Controversial Meeting on Islam Berlin Politician in Trouble for Inviting Dutch Populist Wilders

A local Berlin politician from Chancellor Angela Merkel's conservatives is under fire for inviting Dutch populist Geert Wilders to a meeting on Islam on October 2. Rene Stadtkewitz, who is known for his anti-Islamic views, has refused to cancel the invitation, and now faces eviction from his party's parliamentary group in the city assembly.

CDU politician Rene Stadtkewitz is in trouble with his party for a provocative invitation.

CDU politician Rene Stadtkewitz is in trouble with his party for a provocative invitation.

A local Berlin politician is in trouble for inviting Dutch right-wing populist Geert Wilders, who is known for his provocative positions on Islam and immigration, to a political event in Berlin.

Rene Stadtkewitz, 45, a member of Chancellor Angela Merkel's conservative Christian Democrats (CDU), looks set to be excluded from the CDU's parliamentary group in the Berlin city assembly after inviting Wilders to Berlin on October 2 to discuss integration and Islam. He had also discussed founding a branch of Wilders' Freedom Party in Germany.

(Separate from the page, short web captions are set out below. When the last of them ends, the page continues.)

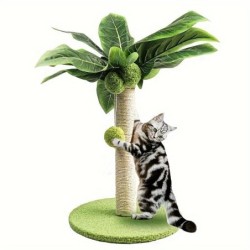 Kratzbaum für Katzen mit...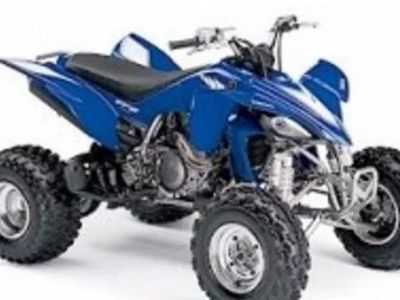 ISO Looking for 2003-2008 BLUE YFZ450 YFZ 450 Fenders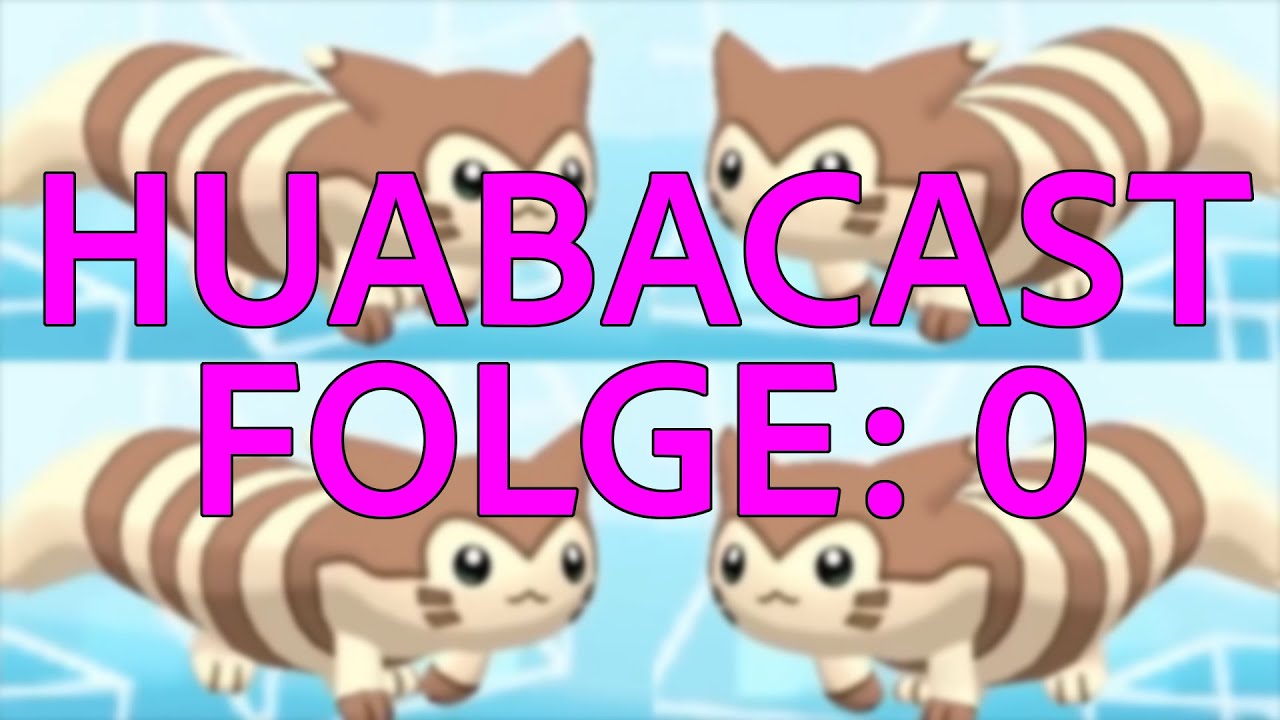 Furret Walk Talk über Magic und Yu-Gi-Oh | Huabacast 00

Frank Henkel, the CDU's regional parliamentary group leader, gave Stadtkewitz an ultimatum: Withdraw the invitation by July 26 or face the consequences.

Stadtkewitz refused in an open letter in which he also suggested that the CDU should be doing more to combat Islam politically. Up until now, public debate about the Islamic faith had been "too timid" in Germany, Stadtkewitz wrote. He added that the debate should focus on the defense of freedom and of Christian values, including concerns about "countless young women, who are forced into arranged marriages, enslaved and who sometimes become victims of so-called honor killings."

'No Place in Our Party'

Henkel responded Monday by saying that he would propose a motion to exclude Stadtkewitz from the parliamentary group because he had distanced himself from "the goals of the conservatives."

Henkel said Berlin set a positive example of integration and immigration for the whole of Germany. "There is no place in our party for people who demonize Islam and pass judgment on believers in other religions," Henkel explained.

The party looks likely to back the motion to exclude Stadtkewitz from the parliamentary group in a vote on September 7. This is not the first time Stadtkewitz has been in trouble for his anti-Islamic views. In 2006, he organized an unsuccessful protest against the building of a mosque in Berlin's Pankow district -- Germany's far-right National Democratic Party was also involved in the protest.

If the October 2 meeting in Berlin goes ahead, it would be Wilders' first official appointment in Germany.

In the past, Wilders has declared Islam a fascist ideology, proposed a tax on head scarves, such as those worn by Muslim women and described the Koran as a terrorist book. In 2008 he was denied entry to the United Kingdom when he went there to show a controversial film about Islam.